#### What you are asked to do:
Nothing but the text belongs in the answer: the listing below, copied exactly, without pictures.

#### The data:
-.-.-
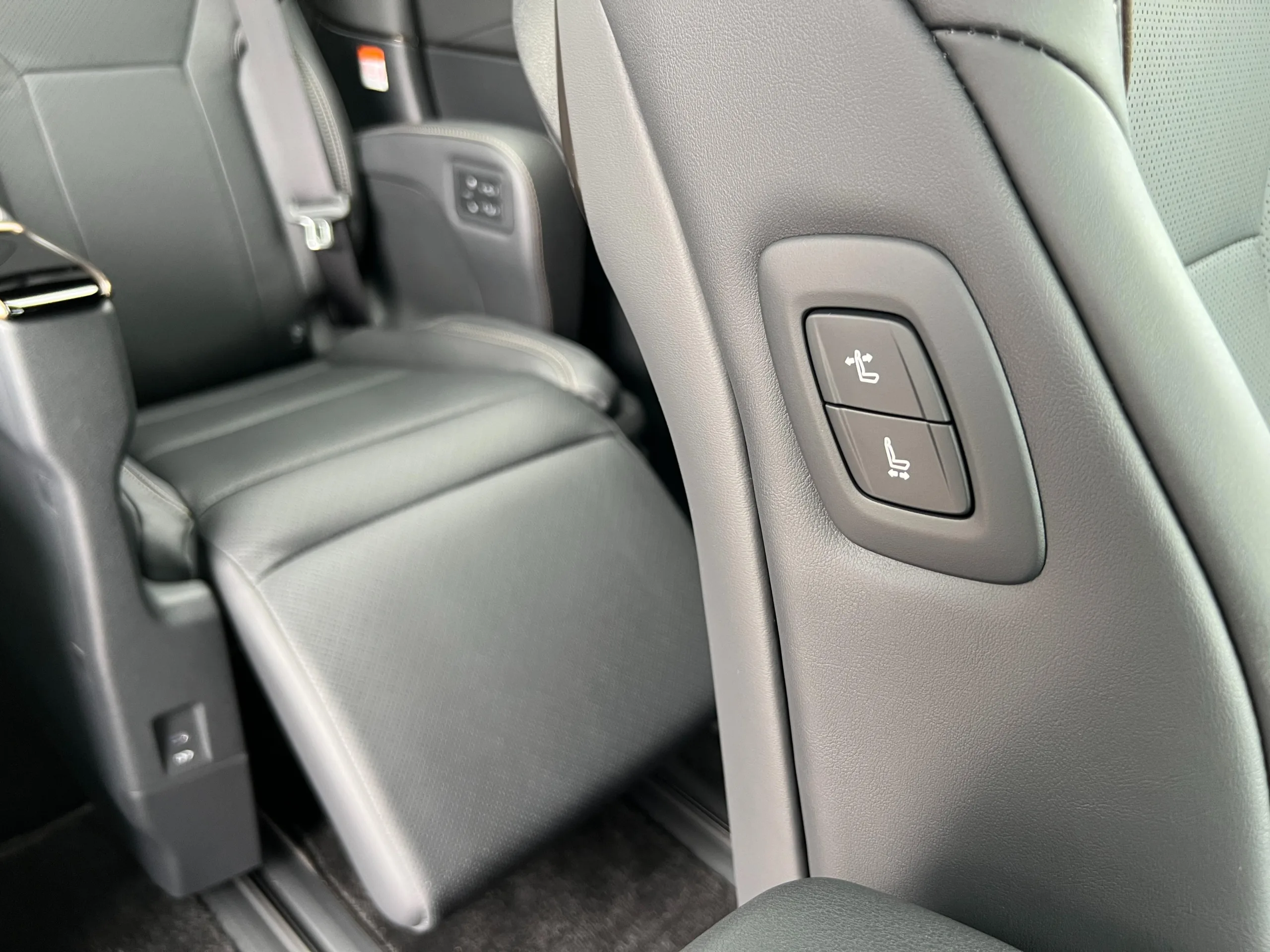 2025 Toyota VELLFIRE 2.4 Z Premier MPV for export from Japan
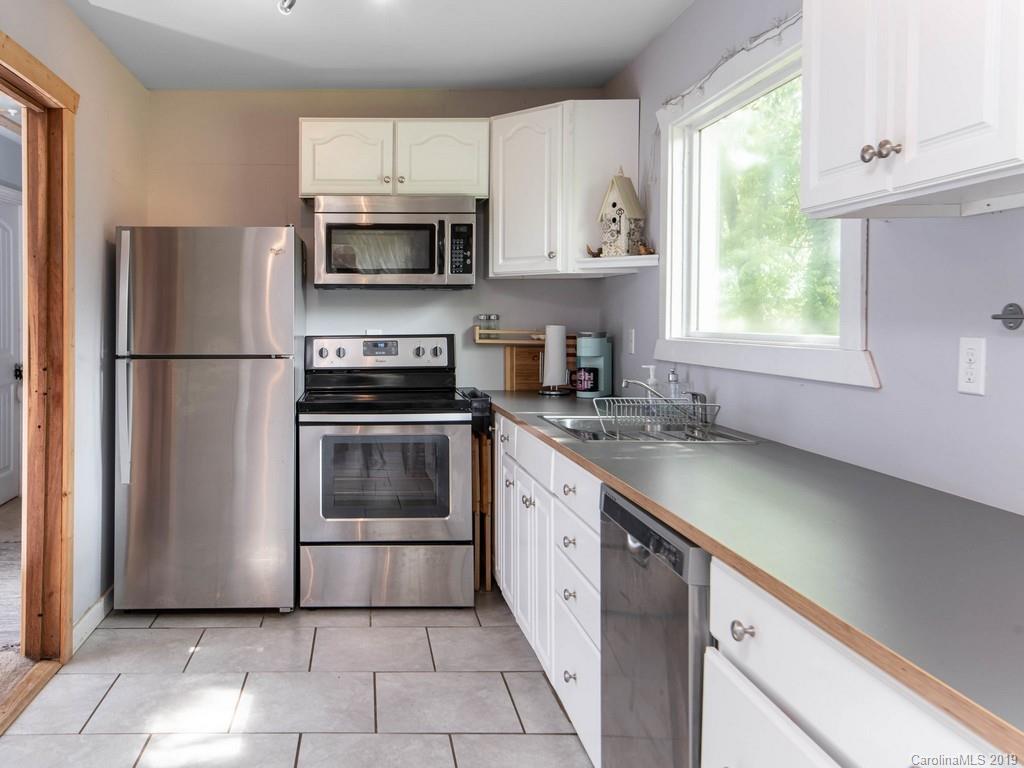 114 Gossett Road Candler, NC 28715 - Photo 9 of 28 Gallery Image 9
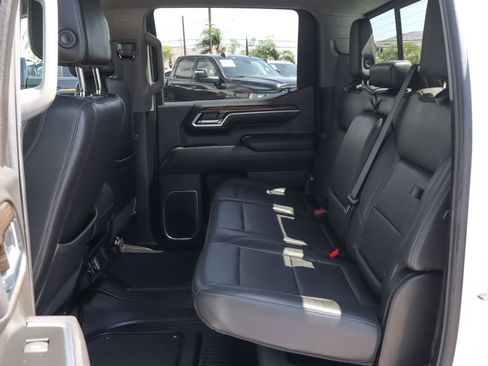 Used 2025 Chevrolet Silverado 1500 LT w/ Leather Package AWD/4WD image 40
-.-.-
#### Expected output:
 2025 Toyota VELLFIRE 2.4 Z Premier MPV for export from Japan
 114 Gossett Road Candler, NC 28715 - Photo 9 of 28 Gallery Image 9
 Used 2025 Chevrolet Silverado 1500 LT w/ Leather Package AWD/4WD image 40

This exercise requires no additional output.